Schon vor einigen Jahren habe ich an dieser Stelle meine Gedanken zum Thema „Waschzettel“ niedergeschrieben. Waschzettel, das ist der unter Journalisten übliche Ausdruck für Informationen, die man bei Veröffentlichung neuer Tonträger bekommt. Als ich in den Neunzigerjahren beim heute nicht mehr existierenden Radio Brandenburg das musikalische Weltkulturmagazin Al Globe moderierte, hatte ich eine Zeit lang eine kleine Serie in den von mir verantworteten Sendungen unter dem Titel „Waschzettel der Woche“. Dabei ging es mir weniger um die vielen faktischen Fehler darin, sondern um die wunderbaren Stilblüten. Angesichts einiger in letzter Zeit auf meinem Schreibtisch gelandeter CD-Infos dachte ich mir, die überbordende Kreativität so mancher Waschzettelschreiber noch einmal aufzugreifen. Hier ist ein ganz aktuelles Beispiel zum neuen Album von Stephanie Nilles Takes A Big Ship: „ Was war das, fragten wir uns, nachdem wir einen Ausschnitt eines Konzertes gesehen hatten? Es war sensationell ..., ein Stück Zeitgeist mit Niveau. […] Die Musik von Stephanie Nilles ist ein phosphoreszierendes Nesseltier in tiefer See. Leuchtend schön, doch nicht ohne Gefahrenpotential.“ „Zeitgeist mit Niveau“? Musik als „phosphoreszierendes Nesseltier in tiefer See“ und mit „Gefahrenpotential“. Auf derart blumige Umschreibungen muss man erst einmal kommen!

Ich könnte mich an dieser Stelle natürlich auch über das Für und Wider der jährlichen Kampagne auslassen, Bob Dylan den Literaturnobelpreis zu verleihen. Aber ich will es dabei belassen, Sie darüber zu informieren, dass Dylan, nachdem er erst im Mai des vergangenen Jahres die US-Freiheitsmedaille umgehängt bekam, sich nun zusätzlich wohl den französischen „Orden der Ehrenlegion“ ans Revers heften kann. Mit der auf eine Initiative von Napoléon Bonaparte zurückgehenden Auszeichnung sollen zivile Verdienste, herausragende Talente und große Tugenden geehrt werden. Dem Beispiel einiger berühmter Menschen, die dankend auf diese Ehrung verzichtet haben – wie beispielsweise Jean-Paul Sartre –, wird Bob Dylan vermutlich nicht folgen. Wodurch er sich in guter Gesellschaft mit so schillernden Vertretern wie Bono befände, der den Orden 2003 annahm.

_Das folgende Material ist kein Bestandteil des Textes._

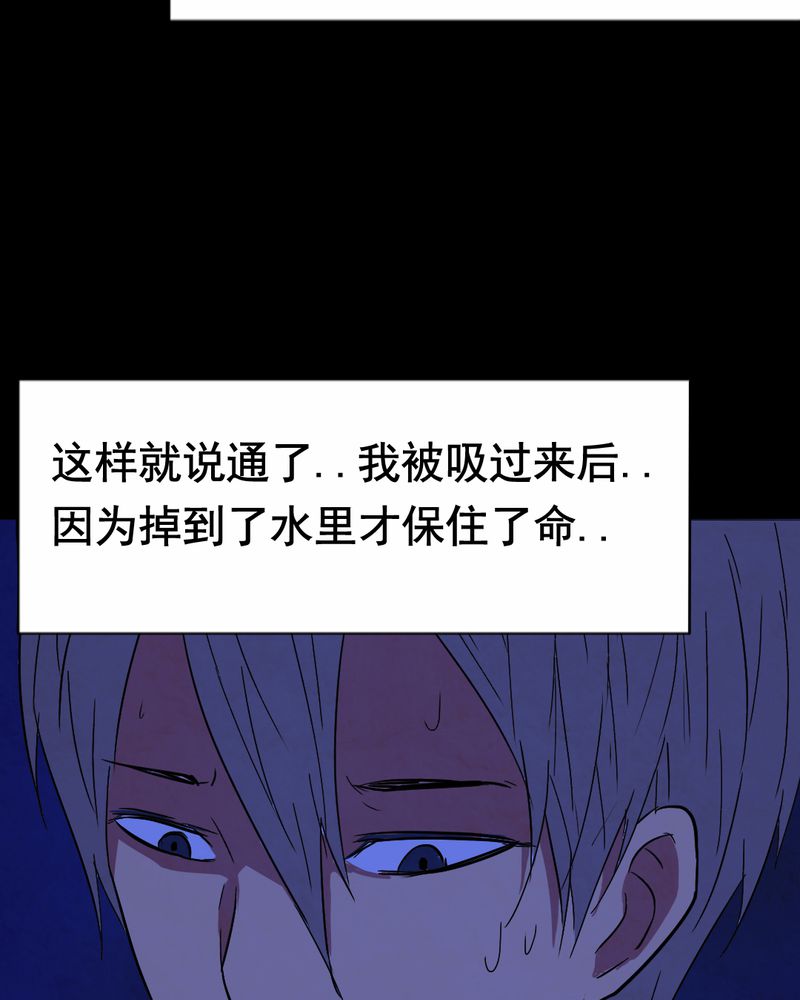 第11章：坠落（二）32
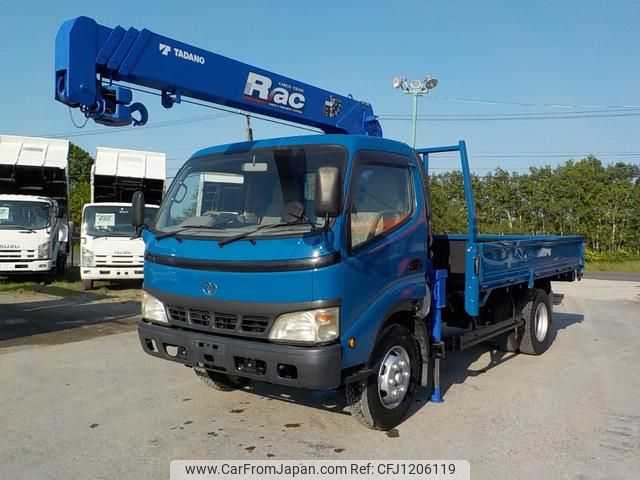 toyota dyna-truck 2005 GOO_NET_EXCHANGE_0302503A30250527W001 image 1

Natürlich will ich in diesen Zeilen auch einen kurzen Blick auf das werfen, was Sie auf den nächsten Seiten erwartet. Wie immer finden Sie Aktuelles und nützliche Information rund um die Themen Weltmusik, Folk und Lied sowohl in der „Szene“ als auch in der Rubrik „Heimspiel“ und bei den CD-Besprechungen. In den Artikeln begehen wir Geburtstage – den siebzigsten von Reinhard Mey in der Titelgeschichte anlässlich des Erscheinens seines neuen Albums und den hundertsten von Maria Tanase, dessen nicht nur beim diesjährigen TFF Rudolstadt gedacht wird. Wir stellen ihnen neue interessante Künstler wie The Fretless oder Slagr vor. Und auch das Thema Politik hat wieder seinen Platz im Heft: mit einem Überblick über die Situation der Musiker im krisengeschüttelten Mali und einem Porträt des seit vielen Jahren engagierten US-Singer/Songwriters Si Kahn.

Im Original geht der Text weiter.